The up-regulated gene-sets with the highest overlap with known disease genes are related to adhesion, angiogenesis, cell motility and immune response. Among these, we focused on the gene-sets Cell Motility and Chemotaxis. Dysregulation of these processes is likely to be responsible for the tumor invasive growth, its infiltration into the lymph nodes in more advanced stages and eventually metastasis , . We first looked at the Cell Motility gene-set (GO:0051270), which is characterized by a very significant overlap with the disease gene-set (nominal p-value: 3.3×10−8). However, the disease genes in this set are only weakly or inconsistently up-regulated (most significant nominal p-value: 1.8×10−3). On the other hand, the Chemotaxis gene-set (GO:0006935) has several known disease genes that are also significantly up-regulated, even if its overall overlap significance (2.5×10−5) is weaker than for Cell Motility. Most of these genes are chemokine ligands (Table S2), among which the most up-regulated is CXCL12 (Chemokine (C-X-C motif) ligand 12 (stromal cell-derived factor 1), EntrezGene ID: 6387). CLXC12 is secreted by carcinoma-associated fibroblasts, and is considered responsible for tumor invasion . Since this gene-set is likely important for colon cancer, we also looked for differentially expressed genes that were not in our disease gene-set. Interestingly, the top-ranking gene in this group is CYR61 (Cysteine-rich, angiogenic inducer, 61; EntrezGene ID: 3491), which was identified in the original study as one of the seven genes with the most consistent differential expression between colon cancer and control samples . CYR61 could be a good new candidate for disease association, as only two publications relating CYR61 to colon cancer were found in PubMed , , one being the original publication of the microarray data set used in this analysis. This shows how the query set post-analysis feature of the Enrichment Map software can be used to identify gene-sets associated with a biological condition according to independent data sources (in this case, differential gene expression and known disease genes), and then to mine these sets for previously uncharacterized genes exhibiting interesting patterns. The applicability of this feature is not restricted to disease genes: it can also be used to identify the relations between the targets of a known regulator (e.g. transcription factor, microRNA) and the functional groups enriched in the condition(s) of interest.

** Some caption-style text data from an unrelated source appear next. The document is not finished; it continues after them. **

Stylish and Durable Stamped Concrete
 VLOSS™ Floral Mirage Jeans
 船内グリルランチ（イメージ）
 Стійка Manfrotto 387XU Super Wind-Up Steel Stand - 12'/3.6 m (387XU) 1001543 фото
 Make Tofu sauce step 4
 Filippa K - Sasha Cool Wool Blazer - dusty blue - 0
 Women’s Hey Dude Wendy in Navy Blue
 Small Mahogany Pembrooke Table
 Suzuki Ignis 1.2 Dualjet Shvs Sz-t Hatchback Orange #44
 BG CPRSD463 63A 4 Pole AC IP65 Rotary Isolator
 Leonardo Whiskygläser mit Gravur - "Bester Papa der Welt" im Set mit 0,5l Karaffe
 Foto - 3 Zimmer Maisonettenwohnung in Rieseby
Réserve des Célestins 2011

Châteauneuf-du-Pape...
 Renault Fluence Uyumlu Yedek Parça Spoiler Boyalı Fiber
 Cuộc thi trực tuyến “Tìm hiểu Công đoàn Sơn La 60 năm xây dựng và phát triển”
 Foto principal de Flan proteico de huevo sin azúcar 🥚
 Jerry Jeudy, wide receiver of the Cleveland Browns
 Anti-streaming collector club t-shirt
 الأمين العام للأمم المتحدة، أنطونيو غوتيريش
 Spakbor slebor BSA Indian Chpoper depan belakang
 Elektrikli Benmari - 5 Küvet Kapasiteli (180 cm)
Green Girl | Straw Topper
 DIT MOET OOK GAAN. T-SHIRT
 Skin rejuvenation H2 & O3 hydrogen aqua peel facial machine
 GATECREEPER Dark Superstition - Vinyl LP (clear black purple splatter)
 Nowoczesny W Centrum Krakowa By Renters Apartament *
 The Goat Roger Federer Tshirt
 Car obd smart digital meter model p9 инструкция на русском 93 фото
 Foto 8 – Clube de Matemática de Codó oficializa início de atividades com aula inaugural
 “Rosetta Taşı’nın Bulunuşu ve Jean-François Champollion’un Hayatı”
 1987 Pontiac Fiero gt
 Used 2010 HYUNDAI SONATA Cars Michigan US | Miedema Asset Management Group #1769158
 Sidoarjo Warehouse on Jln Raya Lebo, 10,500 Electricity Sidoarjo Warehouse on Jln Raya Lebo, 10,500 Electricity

Enrichment Map can be applied to any enrichment test or gene set database
The previous use cases demonstrate the utility of Enrichment Map to visualize GSEA enrichment results, using Gene Ontology as gene-set source. However, Enrichment Map is compatible with any type of enrichment test or gene-set source. In Text S2 we show how it can be applied to a disease gene list, using Fisher's Exact Test to test a larger collection of gene-sets derived from Gene Ontology as well as pathway databases. We also compare Enrichment Map visualization with other available tools that are strictly dependent on Fisher's Exact Test.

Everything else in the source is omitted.